「木賊」 これを「トクサ」と読めるのは温泉好きだけだろう。会津高原最奥に広がる、のどかな田園地帯を、標識をたよりに進むと、木賊温泉に入る。川と並行する道沿いに、ポツポツと温泉宿がある。川の反対側では、田起こしが続けられている。
農作業の風景を尻目に、谷底に下ると、目指す井筒屋がある。駅前旅館がそうであったかのような大きなガラス戸を、大きな音を立てながら引き、声をかけてもだれも出てきやしない。やっと出てきたおばあちゃん。「名物の露天へ入ったら?」と、まるで営業意欲なしである。そこを頼み込んで、内風呂をつかわせてもらった。
狭い階段を下ると、途中に狭い脱衣場がある。これじゃ、何人も入れないぞと思いながら、浴室の扉を開く。

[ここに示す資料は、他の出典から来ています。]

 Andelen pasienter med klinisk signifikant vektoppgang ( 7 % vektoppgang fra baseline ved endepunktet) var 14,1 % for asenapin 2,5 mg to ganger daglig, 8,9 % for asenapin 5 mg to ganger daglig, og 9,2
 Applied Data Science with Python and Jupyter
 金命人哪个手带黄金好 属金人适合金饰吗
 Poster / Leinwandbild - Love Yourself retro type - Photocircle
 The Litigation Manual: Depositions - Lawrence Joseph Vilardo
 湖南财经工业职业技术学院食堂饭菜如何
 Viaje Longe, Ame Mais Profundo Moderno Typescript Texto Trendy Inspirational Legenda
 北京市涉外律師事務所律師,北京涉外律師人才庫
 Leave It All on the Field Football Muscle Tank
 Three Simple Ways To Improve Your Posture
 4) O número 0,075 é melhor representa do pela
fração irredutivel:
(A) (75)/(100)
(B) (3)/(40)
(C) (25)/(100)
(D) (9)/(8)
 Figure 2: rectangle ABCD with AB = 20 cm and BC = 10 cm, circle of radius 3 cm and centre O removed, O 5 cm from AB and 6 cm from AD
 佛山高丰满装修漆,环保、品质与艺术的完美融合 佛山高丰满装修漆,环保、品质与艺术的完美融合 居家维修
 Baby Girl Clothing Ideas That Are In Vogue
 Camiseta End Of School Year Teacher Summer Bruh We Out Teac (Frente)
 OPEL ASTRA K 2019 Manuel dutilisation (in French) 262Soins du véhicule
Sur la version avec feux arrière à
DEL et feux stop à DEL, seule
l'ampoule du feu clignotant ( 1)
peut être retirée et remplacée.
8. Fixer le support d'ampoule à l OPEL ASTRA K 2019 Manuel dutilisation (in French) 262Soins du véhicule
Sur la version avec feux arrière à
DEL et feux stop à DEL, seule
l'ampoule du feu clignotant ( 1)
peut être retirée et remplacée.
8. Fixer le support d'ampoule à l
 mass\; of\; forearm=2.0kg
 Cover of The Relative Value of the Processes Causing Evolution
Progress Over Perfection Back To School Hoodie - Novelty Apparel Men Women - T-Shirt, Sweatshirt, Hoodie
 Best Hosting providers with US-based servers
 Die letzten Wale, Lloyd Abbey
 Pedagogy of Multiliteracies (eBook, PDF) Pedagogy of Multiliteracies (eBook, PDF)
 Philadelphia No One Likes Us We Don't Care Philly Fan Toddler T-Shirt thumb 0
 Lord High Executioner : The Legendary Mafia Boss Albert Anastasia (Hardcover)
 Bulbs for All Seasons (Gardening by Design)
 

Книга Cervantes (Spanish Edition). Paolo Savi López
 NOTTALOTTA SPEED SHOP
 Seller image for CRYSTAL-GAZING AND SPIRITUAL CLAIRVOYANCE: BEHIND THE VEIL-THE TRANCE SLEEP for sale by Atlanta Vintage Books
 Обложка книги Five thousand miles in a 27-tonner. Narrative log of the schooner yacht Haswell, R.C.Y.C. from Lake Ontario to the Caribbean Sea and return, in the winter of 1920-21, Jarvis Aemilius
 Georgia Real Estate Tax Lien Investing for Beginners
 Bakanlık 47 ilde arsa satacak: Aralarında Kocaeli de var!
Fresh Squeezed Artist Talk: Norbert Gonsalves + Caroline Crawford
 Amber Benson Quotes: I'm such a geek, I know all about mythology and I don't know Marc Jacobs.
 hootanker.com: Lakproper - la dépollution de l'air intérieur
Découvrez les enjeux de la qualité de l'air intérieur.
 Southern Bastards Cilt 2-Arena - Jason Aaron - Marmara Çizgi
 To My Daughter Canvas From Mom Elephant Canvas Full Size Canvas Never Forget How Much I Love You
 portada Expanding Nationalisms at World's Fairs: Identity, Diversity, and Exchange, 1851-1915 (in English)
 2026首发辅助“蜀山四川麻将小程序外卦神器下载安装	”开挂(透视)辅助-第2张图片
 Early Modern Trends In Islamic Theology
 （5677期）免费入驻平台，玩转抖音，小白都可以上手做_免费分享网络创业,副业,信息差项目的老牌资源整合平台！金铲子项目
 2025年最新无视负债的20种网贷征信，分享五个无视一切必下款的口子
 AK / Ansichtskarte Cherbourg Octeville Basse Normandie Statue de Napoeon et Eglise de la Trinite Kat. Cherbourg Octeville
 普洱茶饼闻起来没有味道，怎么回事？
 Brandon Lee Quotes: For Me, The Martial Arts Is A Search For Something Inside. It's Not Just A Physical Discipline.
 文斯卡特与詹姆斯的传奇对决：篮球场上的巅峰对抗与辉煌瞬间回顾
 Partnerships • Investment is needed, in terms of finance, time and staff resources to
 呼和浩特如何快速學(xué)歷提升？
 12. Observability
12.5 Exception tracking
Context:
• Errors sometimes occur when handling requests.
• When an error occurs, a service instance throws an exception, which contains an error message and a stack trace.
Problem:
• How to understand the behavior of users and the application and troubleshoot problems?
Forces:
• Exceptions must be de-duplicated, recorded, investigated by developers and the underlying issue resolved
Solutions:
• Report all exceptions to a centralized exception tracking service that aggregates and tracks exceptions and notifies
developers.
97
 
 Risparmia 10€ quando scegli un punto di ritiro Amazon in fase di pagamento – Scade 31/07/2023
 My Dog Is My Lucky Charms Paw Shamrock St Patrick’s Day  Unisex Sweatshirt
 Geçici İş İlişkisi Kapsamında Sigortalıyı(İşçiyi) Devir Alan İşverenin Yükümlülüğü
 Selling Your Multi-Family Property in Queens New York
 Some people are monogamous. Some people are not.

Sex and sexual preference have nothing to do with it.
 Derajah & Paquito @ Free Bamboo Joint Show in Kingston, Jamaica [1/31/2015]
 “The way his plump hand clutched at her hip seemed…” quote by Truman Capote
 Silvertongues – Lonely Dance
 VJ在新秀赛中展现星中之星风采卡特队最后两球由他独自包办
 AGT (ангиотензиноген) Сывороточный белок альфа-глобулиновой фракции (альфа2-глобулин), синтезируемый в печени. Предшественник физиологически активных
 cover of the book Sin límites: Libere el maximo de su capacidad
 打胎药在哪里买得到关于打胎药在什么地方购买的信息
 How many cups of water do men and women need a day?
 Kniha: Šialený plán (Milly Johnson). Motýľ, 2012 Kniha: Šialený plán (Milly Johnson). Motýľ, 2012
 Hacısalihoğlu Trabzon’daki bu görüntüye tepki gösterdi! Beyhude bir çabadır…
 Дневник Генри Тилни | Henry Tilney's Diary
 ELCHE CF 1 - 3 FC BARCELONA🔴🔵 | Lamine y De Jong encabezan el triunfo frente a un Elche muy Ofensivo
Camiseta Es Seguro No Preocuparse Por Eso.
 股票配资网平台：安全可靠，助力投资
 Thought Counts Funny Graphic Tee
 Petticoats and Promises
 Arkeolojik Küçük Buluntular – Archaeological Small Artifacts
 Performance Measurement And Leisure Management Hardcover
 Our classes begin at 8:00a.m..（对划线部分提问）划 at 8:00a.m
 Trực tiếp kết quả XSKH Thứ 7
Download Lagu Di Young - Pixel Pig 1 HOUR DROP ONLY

川沿いの岩風呂は、露天同様、やはり水面スレスレ。窓を開放すると、さわやかな薫風が吹きぬける。硫黄のにおいはまったくしないから、単純泉なのかも知れない。岩盤からは、小さな気泡がポワポワと舞い上がってくる。痔主のダンナに、その上に座ることを勧めたが、ちょっと熱かったらしい。
訪れたのは風薫る五月であったが、秋の紅葉はもっとすばらしいものに違いない。